Governor Pritzger: (29:07)
Well, as I’ve said, there’s obviously a menu of things you’ve seen us deploy over the course of the last year and a half. That’s not something that we’re currently looking at. I wouldn’t hope or anticipate that we would go back to something like that. But again, I think we all know when these numbers get to a place where it gets out of control or it’s at a place where we truly can’t treat people in hospitals, you have to take further steps. I don’t anticipate that we’ll get there and that’s not something that’s currently on the table.

Speaker 9: (29:37)

Marianne: (29:38)
Governor, are your campaign commercials, were your too soon? It seemed as if you were saying mission accomplished.

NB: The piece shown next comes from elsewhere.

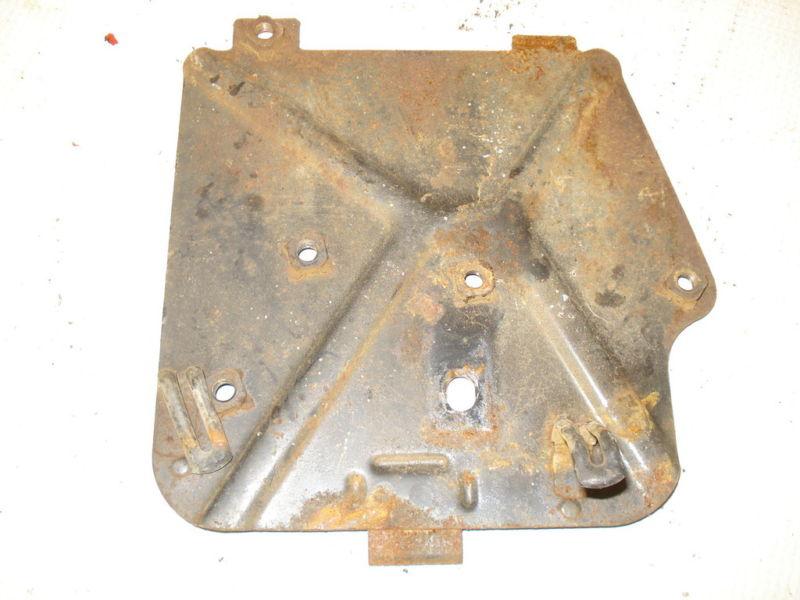 81 suzuki gs850l gs 850 gs850 - electrical component mounting bracket plate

Governor Pritzger: (29:44)
Oh no, that’s not the case. I’ll just say, number one, I think one of the messages here has been that the people of Illinois actually have done most of the work here to keep people safe. It’s they who are wearing masks. It is they who are getting vaccinated. To the extent there’s any advertising about it, it’s really just about leadership. It’s about just reminding people that when you’re in a crisis, it takes real leaders to step up and do the right thing.

Speaker 9: (30:12)
All right. Thanks, everyone.

Governor Pritzger: (30:12)
Thank you.

Speaker 13: (30:12)
Governor, can you detail the studies on which your making this decision for a statewide mask mandate? People just want to know.